Kill Your Darlings, Melbourne based literary magazine enters its third year of publication this month, leaving devotees such as myself sniffling slightly and saying "Awww, they grow up so fast!"
Issue Eight delivers KYD's usual high quality of commentaries, reviews and stories. Sexy but not slutty, the magazine strives for an honest, intelligent and relevant viewpoint in every issue and never fails to deliver. It is smart without being arrogant and inaccessible (there is nothing I hate more than a literary review that screams 'look at me, I can use a thesaurus') and well written, but humble. I would call this magazine a must-read for the lit-savvy of Gen Y and beyond.
This issue opens with Maria Tumarkin's account of the role food has come to play in our culture. Gentle in her criticism, Tumarkin explores the topic from multiple angles, from wondering why Masterchef Julie Goodwin's cookbook can outsell prize winning novels, to contemplating the ways that we use food to relate to each other. A poignant article, it will leave you both enlightened, and hungry.
Regular contributor Clementine Ford (yes, I hope that is her real name too!) gives an account of her experience as a phone sex worker. Her confident, sassy prose will have you laughing rather than cringing. My favourite commentary for this issue.

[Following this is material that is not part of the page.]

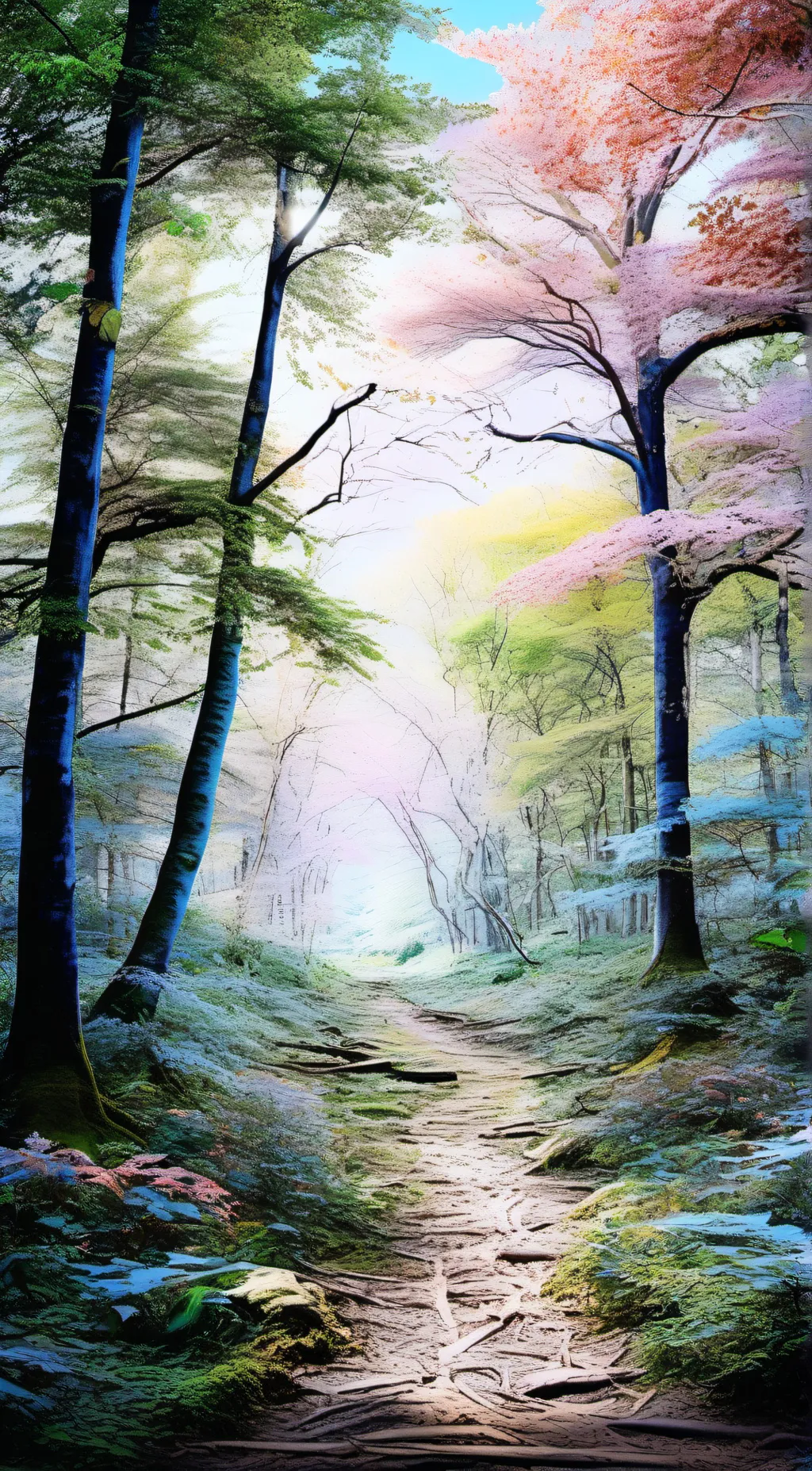 ai character: undertail choice  background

The fiction segment of the magazine, as has been the case for the last few issues is woefully short. Three pieces per issue seems to have become the norm, where earlier in KYD's life, there were five or more. Jessie Cole's The Wake which is second of the three stands out as both an emotional and a realistic piece that, like life, has no absolute closure.
The January Issue also features an interview with Summerland author Malcolm Knox. Any would-be interviewer should look to KYD's interviews for inspiration; the editorial team know how to ask a question that will elicit an interesting, thought-provoking answer. Knox talks about his books, about his balancing act between Fatherhood and Novelist-dom, and about his process of writing and researching. Far more than the usual spiel of "Writer's are meant to be alone, you should write every day, if you don't constantly think about writing you're a hack, blah blah blah", Knox truly lets us take a glimpse of his life, and gives a dose of world wisdom when he says "I would rather be a good father than a good novelist."
Reviewed this month are Breaking Bad and Justified- morally ambiguous but Westerns at their core, concludes Anthony Morris, regular reviewer for the magazine- and Siri Hustvedt. Natalie Kon-Yu (to name drop, she was a tutor for Introduction to Literature in my first year of University.) takes up the line of thought that KYD has been very passionate about for its last few issues, that is the plight of women writers in a male-centric publishing world. However, the review is actually about a discussion of Hustvedt's work by Lionel Shriver, another female writer. This is a refreshing idea with which to approach an issue which, while never becoming less important, has waned in my interests since it was first raised. (After all, where words fail actions should speak, not more words.)
I give this Issue of Kill Your Darlings four out of five, and I'll give you a smack if you don't read it.